De hecho, en cada uno de esos paradigmas experimentales, se notó que las hGPC; sea injertadas neonatalmente o trasplantadas en adultos, se dispersaron efectivamente en cerebro anterior, incluso en ratones normalmente mielinizados, y se diferenciaron como oligodendroglía y lesiones mielinizadas desmielinizadas a medida que evolucionaban o eran encontrados.

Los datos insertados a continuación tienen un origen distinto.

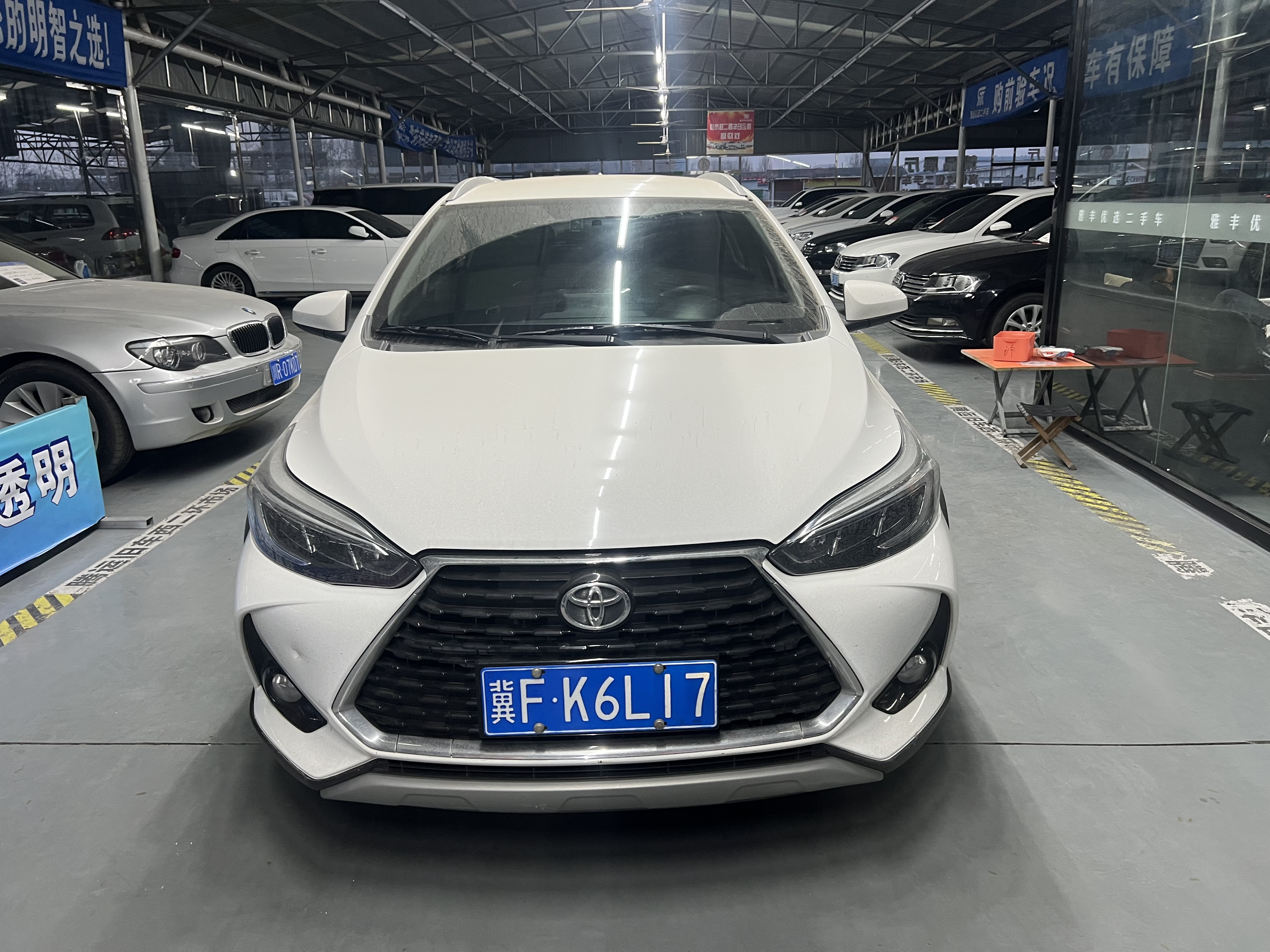 Yaris L Zhixuan 2022 car image 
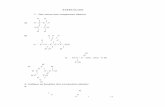 CLASSORG - ETEC Cel. Fernando Febeliano da Costa€¦ · Web viewNitrocompostos Apresentam a fórmula geral: R - NO2 ou R - N = O | O EXERCÍCIOS 51- Dê a fórmula dos compostos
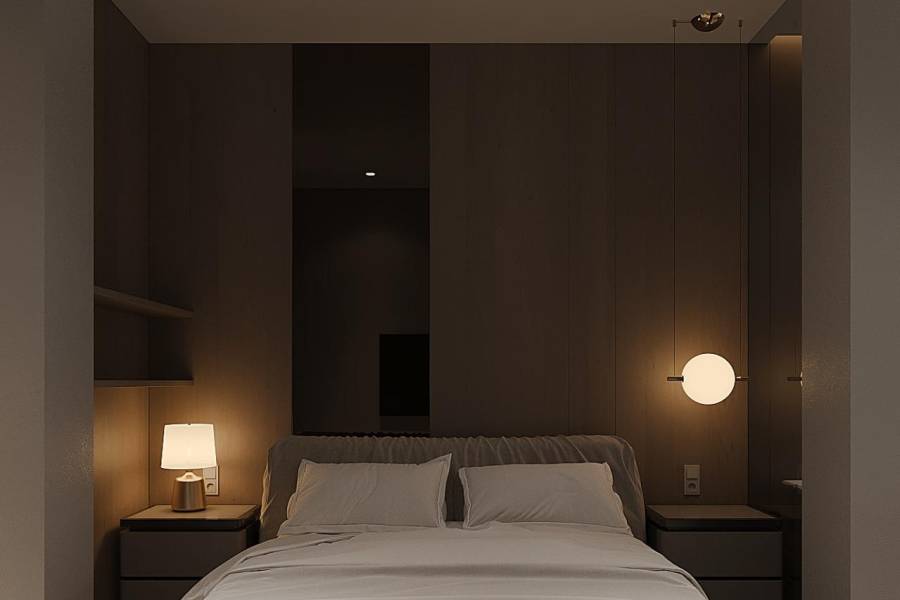 Verkauf - Apartment - Curva del Palangre - Torrevieja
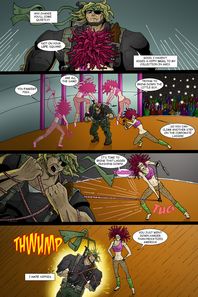 MISSION 004: PAGE 11 “TIMBER!”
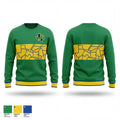 Dublin Lions Track & Field 11398902 Crew Neck Sweatshirt - 1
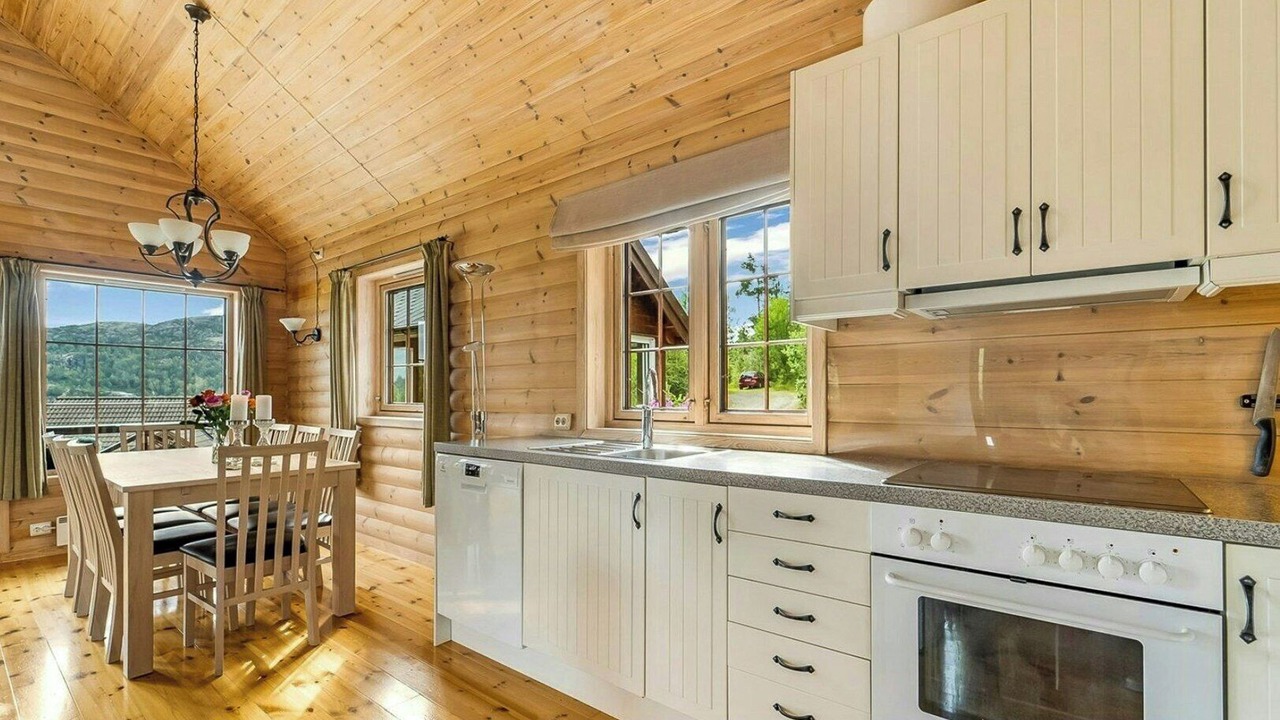 Photo of Kitchen in Kvinesdal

Una vez establecido el potencial de las hGPC como vectores mielinogénicos, utilizamos el ARN-secuencia de hGPC extraídas de cerebros en los que habían residido durante la exposición a cuprizona para evaluar la respuesta transcripcional de estas células a la desmielinización y la remielinización inicial. Encontramos que los hGPC movilizados expresaron una firma transcripcional consistente con la remielinización temprana. En consecuencia, observamos una serie de vías activadas en hGPC desencadenadas por desmielinización; estas incluyen una serie de gestores de elección y diferenciación oligodendroglial, que incluían TCF7L2, TGF-b/SMAD4 y vías impulsadas por NOTCH. La activación de cada una de estas vías estaba vinculada a la desinhibición de la diferenciación asociada a la desmielinización por estos hGPC parenquimatosos, cuya maduración oligodendrocítica permitió la remielinización compensatoria. Juntos, estos estudios establecen una lógica operativa para evaluar la capacidad de hGPC de remielinizar lesiones desmielinizadas de cerebro humano adulto; al tiempo que proporcionan un conjunto prometedor de objetivos moleculares para la modulación de este proceso en células de cerebros humanos que habían residido durante la exposición cuprizona para evaluar la respuesta transcripcional de estas células a la desmielinización y remielinización inicial. Encontramos que los hGPC movilizados expresaron una firma transcripcional consistente con la remielinización temprana. En consecuencia, observamos una serie de vías activadas en hGPC desencadenadas por desmielinización que no se habían observado previamente en modelos de desmielinización murina. La activación de cada una de esas vías estaba vinculada a desinhibición de la diferenciación asociada a la desmielinización por estos hGPC parenquimatosos, cuya maduración oligodendrocítica permitió la remielinización compensatoria de los axones desnudos. Juntos, estos estudios establecen una lógica operativa para evaluar la capacidad de las hGPC para remielinizar lesiones desmielinizadas del cerebro humano adulto, al tiempo que proporcionan un conjunto prometedor de objetivos terapéuticos moleculares para la modulación de este proceso en células humanas.